RED DRAGON 6K & Anamorphic Lenses Have Mated. Here's the Gorgeous Result
Tired of RED DRAGON footage yet? Well we've got some you've never seen before: Anamorphic. That's right, for the first time you can feast your hungry eyes on some video shot in 6K anamorphic. The Diamond Bros. -- Josh and Jason -- had only 6 hours to play with a RED DRAGON before a scheduled shoot, so they threw some Elite Anamorphics (32mm, 50mm, 135mm) on the camera and shot some available light footage guerilla-style around NYC. Check it out below:
The Dragon is handily 2 stops over the previous Epic MX sensor which in its own right is a stellar sensor. We found ourselves able to expose and ISO where we would not have been able to before without being in the outer limits. I say handily 2 stops over because it's actually more than that but subjectivity and personal sensitivity to noise floor is for everyone to decide on their own above that. I think one of the bigger eye openers is the slow motion. Higher fps performance at seemingly ludicrous compression ratios. We shot 6K 2:1 Anamorphic 2x at 80fps 17:1. That's right 17 to bloody 1. You can see in the piece that the compression looks nowhere near that. Also, one of the biggest leaps of all is being able to shoot lower ISO's without highlight penalties or pinky purple weirdness invading your upper registers.
About shooting and post:
There is no grading on any of these shots other than some white balance and RC3/RG3, obviously older anamorphics are softer and we were often wide open at 2.5/2.8 which is not the sharpest point of the lens but this was not a scientific test, this was an available light shoot in a public hotel with no permits or agreements with the hotel...
...I personally rate our Epics at 800 and am very comfortable w "noise" in my image as we push into the higher ISO's. I started noticing that situations we would normally shoot at around say ISO2000 we were very pleased at ISO1000/1280 on Dragon and could've prob gone lower. ISO320 outside is a pleasure, no highlight penalties for lower ISO's is so killer.
The first still image above is easily my favorite of the bunch, and it's one of those things you need to look for if you're trying to see what the sensor can do. It's holding dynamic range in both highlights and shadows, especially the lightest area near his right arm. My biggest issue with RED footage that I've seen before is still the sickly yellow that you can get from lower Kelvin lighting situations, and again I'm not seeing it in this footage -- especially in that second still where it might start rearing its ugly head.

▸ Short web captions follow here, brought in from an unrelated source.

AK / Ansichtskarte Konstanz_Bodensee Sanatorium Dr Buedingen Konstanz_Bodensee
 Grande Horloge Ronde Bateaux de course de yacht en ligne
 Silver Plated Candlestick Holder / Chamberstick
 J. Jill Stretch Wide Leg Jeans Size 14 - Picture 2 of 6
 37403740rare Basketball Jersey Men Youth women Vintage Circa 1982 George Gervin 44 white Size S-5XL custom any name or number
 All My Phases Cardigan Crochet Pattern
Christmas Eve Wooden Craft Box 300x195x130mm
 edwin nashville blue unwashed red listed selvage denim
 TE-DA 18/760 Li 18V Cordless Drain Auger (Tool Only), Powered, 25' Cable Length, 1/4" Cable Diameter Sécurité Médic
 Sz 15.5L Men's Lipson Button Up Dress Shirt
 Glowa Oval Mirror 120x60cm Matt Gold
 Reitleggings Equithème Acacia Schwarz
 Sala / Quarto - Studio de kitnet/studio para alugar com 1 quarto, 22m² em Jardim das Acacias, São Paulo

We have talked a lot about the various potential benefits of the new sensor, but as the guys mentioned above, being able to shoot at much higher compression ratios is a huge deal. With 6K footage, your files are gigantic, so you'll need to shoot higher compression if you want to keep your data down to a much more manageable level. Obviously some compressions issues might disappear in the downscale from 6K to 4K or even 6K to 1080p (then again to 720p for the Vimeo video), so it will be interesting if the cleaner DRAGON sensor will also be able to do such crazy-high compression ratios at 5K, 4K, and 3K. I would guess you might start seeing issues more in the lower resolutions, but when people get their hands on them we'll find out.
I've always thought the anamorphic lenses were a great way to take the harsh digital edge of the RED cameras -- even beginning with the original M camera on Steven Soderbergh's Che Part 1, and it's no different here with DRAGON. If RED actually introduces a user-upgradeable and removable low-contrast/softening filter that they mentioned they were looking into, I think you'll have even sexier-looking footage.